Your healthcare provider will look at your hemoglobin level, which should be 13 g/dL or higher for men and 12 g/dL or higher for women in healthy individuals. If your hemoglobin falls below these levels and you have chronic kidney disease, you may have nephrogenic anaemia. Your doctor will also check your reticulocyte count (which is usually low in this condition), iron studies, and kidney function tests to confirm the diagnosis and rule out other causes.

How often should I have blood tests if I have chronic kidney disease?

The frequency of blood testing depends on your kidney disease stage and whether you are receiving treatment for anemia. People with earlier stages of chronic kidney disease might have tests every few months, while those on dialysis or receiving anemia treatment typically need monthly or even more frequent monitoring to ensure hemoglobin stays in the safe target range.

Can I have anemia even if I feel fine?

Yes, anemia in chronic kidney disease can develop gradually, and you might adapt to lower hemoglobin levels without noticing symptoms initially. This is why regular screening through blood tests is important for people with kidney disease, even when they feel well. Early detection allows treatment before anemia becomes severe enough to cause complications.

What is the difference between serum iron and ferritin tests?

Serum iron measures the amount of iron currently circulating in your blood at the moment of the test, which can fluctuate throughout the day. Ferritin measures your body’s iron stores and provides a more stable indication of your overall iron status over time. Both tests together, along with transferrin saturation, help your doctor determine if you have enough iron available for red blood cell production.

Do I need a bone marrow biopsy to diagnose nephrogenic anaemia?

No, bone marrow biopsy is not routinely required to diagnose nephrogenic anaemia. Most cases can be diagnosed through blood tests alone, including complete blood count, reticulocyte count, iron studies, and kidney function tests.
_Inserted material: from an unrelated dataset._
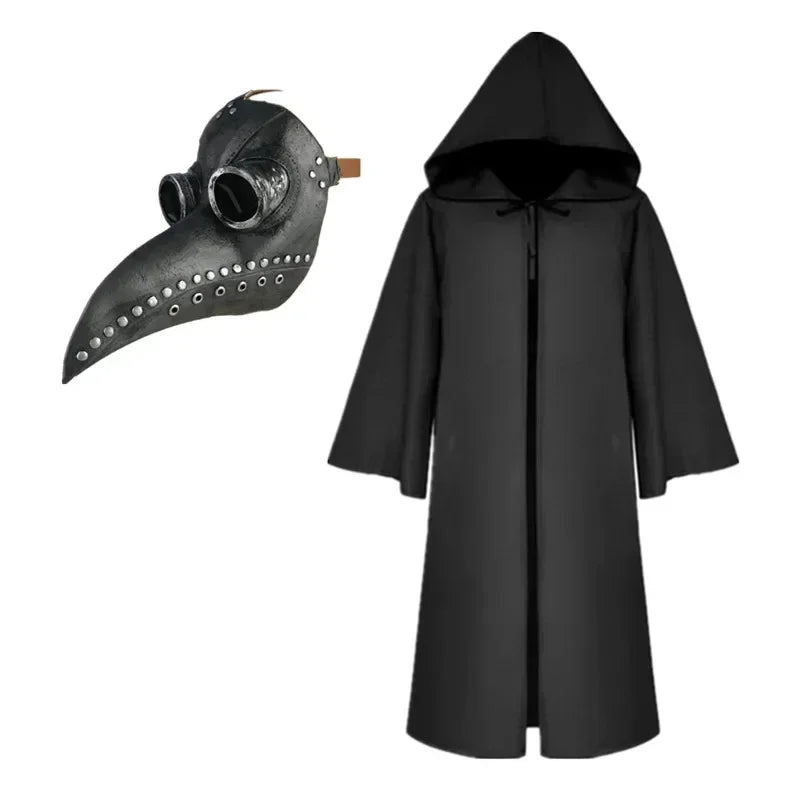 Black hooded cloak and plague doctor mask on a white background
A bone marrow biopsy might only be performed in unusual cases where the diagnosis is unclear or when other blood disorders are suspected.

🎯 Key takeaways

  • Nephrogenic anaemia typically develops when kidney function drops significantly, often when creatinine clearance falls below 45 mL per minute, though it can affect people at different stages of kidney disease.
  • A complete blood count measuring hemoglobin levels is the cornerstone of diagnosis, with normal ranges being 14-18 g/dL for men and 12-16 g/dL for women.
  • Unlike some other types of anemia, nephrogenic anaemia typically shows normal-sized, normal-colored red blood cells on a blood smear, but there are simply too few of them.
  • Low reticulocyte counts despite anemia confirm that the bone marrow is not producing enough new red blood cells, distinguishing this condition from types of anemia caused by excessive blood cell destruction.
  • Iron studies including ferritin and transferrin saturation are crucial because iron deficiency commonly accompanies kidney disease and requires separate treatment.
  • Diagnostic testing must rule out other causes of anemia including vitamin B12 deficiency, folate deficiency, thyroid disorders, and blood loss to ensure proper treatment.
  • Clinical trials for new anemia treatments use strict diagnostic criteria for patient qualification, including specific hemoglobin thresholds, documented chronic kidney disease stage, and adequate iron stores.
  • Regular monitoring through blood tests allows early detection and treatment before anemia causes serious symptoms or complications, even if you feel well.